Longue histoire qui relie les crimes coloniaux à ceux du néocolonialisme et dans laquelle, il y a deux décennies, on trouve trace de la petite cellule qui œuvrait autour de François Mitterrand, du Quai d’Orsay, de l’armée et de ses barbouzes. Même les dossiers les mieux enterrés finissent lentement par émerger. Si bien que Nicolas Sarkozy a dû reconnaître en février 2010 de « graves erreurs d’appréciation » et une forme « d’aveuglement » des autorités françaises, alliées du régime raciste de Kigali.
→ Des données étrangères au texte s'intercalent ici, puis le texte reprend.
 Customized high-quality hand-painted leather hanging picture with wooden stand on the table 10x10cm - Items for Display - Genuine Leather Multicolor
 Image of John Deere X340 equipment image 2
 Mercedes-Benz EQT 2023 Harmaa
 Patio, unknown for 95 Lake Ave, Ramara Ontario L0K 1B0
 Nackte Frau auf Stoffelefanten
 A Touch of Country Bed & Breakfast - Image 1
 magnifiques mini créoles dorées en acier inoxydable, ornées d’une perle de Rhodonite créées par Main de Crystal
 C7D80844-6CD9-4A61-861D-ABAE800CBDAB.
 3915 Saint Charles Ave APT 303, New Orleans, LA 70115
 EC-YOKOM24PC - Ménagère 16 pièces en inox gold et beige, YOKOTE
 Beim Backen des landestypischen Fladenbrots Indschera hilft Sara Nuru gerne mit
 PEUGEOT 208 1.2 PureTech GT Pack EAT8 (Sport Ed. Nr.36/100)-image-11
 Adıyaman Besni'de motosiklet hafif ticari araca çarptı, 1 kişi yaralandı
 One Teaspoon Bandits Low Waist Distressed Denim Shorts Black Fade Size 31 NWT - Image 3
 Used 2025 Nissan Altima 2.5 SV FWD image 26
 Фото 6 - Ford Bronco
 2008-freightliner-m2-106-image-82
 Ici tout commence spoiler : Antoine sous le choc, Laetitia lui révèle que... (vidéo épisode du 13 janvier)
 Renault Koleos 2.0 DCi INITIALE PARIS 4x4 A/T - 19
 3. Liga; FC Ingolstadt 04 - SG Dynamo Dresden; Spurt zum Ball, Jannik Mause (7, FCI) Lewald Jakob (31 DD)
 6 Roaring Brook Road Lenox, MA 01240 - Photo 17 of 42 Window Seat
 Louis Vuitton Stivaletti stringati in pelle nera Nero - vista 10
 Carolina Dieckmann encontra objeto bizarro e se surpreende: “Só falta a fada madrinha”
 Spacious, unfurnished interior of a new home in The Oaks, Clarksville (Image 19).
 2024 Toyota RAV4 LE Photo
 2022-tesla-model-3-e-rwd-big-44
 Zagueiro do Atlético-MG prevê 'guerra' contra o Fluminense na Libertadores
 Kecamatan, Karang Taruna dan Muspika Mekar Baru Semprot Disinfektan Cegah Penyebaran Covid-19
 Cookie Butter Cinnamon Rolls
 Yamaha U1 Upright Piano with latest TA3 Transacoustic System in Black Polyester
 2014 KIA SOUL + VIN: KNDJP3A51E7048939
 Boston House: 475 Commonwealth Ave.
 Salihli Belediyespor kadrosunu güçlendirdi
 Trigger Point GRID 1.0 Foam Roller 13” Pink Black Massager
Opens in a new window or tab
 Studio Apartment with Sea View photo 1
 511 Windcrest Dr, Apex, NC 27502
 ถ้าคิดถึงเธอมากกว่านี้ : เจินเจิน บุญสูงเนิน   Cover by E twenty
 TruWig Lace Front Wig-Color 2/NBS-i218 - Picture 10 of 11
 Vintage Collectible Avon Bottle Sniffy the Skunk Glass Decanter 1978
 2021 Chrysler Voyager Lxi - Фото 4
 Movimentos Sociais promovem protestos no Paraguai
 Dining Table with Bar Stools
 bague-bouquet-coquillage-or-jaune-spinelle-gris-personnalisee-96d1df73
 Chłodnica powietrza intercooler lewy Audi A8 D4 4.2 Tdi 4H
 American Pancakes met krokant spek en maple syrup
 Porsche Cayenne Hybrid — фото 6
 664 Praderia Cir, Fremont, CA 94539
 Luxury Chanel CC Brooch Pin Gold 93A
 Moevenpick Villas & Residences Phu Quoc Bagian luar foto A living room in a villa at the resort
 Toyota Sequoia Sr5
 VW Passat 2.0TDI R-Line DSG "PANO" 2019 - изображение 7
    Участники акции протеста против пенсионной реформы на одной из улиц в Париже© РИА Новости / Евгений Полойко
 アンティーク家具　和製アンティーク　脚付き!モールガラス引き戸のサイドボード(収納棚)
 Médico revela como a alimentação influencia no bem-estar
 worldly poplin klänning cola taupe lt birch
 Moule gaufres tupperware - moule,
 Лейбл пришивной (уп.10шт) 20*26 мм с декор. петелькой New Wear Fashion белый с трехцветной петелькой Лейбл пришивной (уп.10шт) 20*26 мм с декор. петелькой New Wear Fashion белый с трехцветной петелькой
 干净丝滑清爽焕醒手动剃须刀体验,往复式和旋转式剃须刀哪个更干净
Des militaires français ont-ils permis l’attentat contre l’avion des présidents du Rwanda et du Burundi ? Qui a validé les expéditions d’armes françaises aux massacreurs, même après l’embargo ? Pourquoi les gouvernants français ont-ils accompagné un régime qui a alimenté un racisme délirant contre les Tutsi, formant même jusqu’au déclenchement de la tuerie les assassins en chef de la garde présidentielle ? Comment se fait-il que des génocidaires aient trouvé longtemps un refuge commode et confortable dans l’Hexagone ? Quel rôle précis a joué Paul Barril, gendarme d’élite au service d’un président Mitterrand qui souhaitait qu’on y « sauvegarde ce que nous y avons fait » ?
Pourquoi ces versions mensongères des officiels, une enquête judiciaire qui travestit le crime, et leur relais docile par de grands médias français ? Des faux témoignages ont été démasqués, des documents sont sur la table, la justice française instruit enfin vingt plaintes contre des génocidaires… mais Hollande, en refusant toute représentation officielle à Kigali, choisit d’endosser la responsabilité des vérités falsifiées, des complicités odieuses et de l’histoire maquillée.
La Françafrique resurgit sur les fosses communes quand tout devrait conduire à en exorciser le spectre, à ouvrir un temps de vérité et de fraternité avec le continent africain.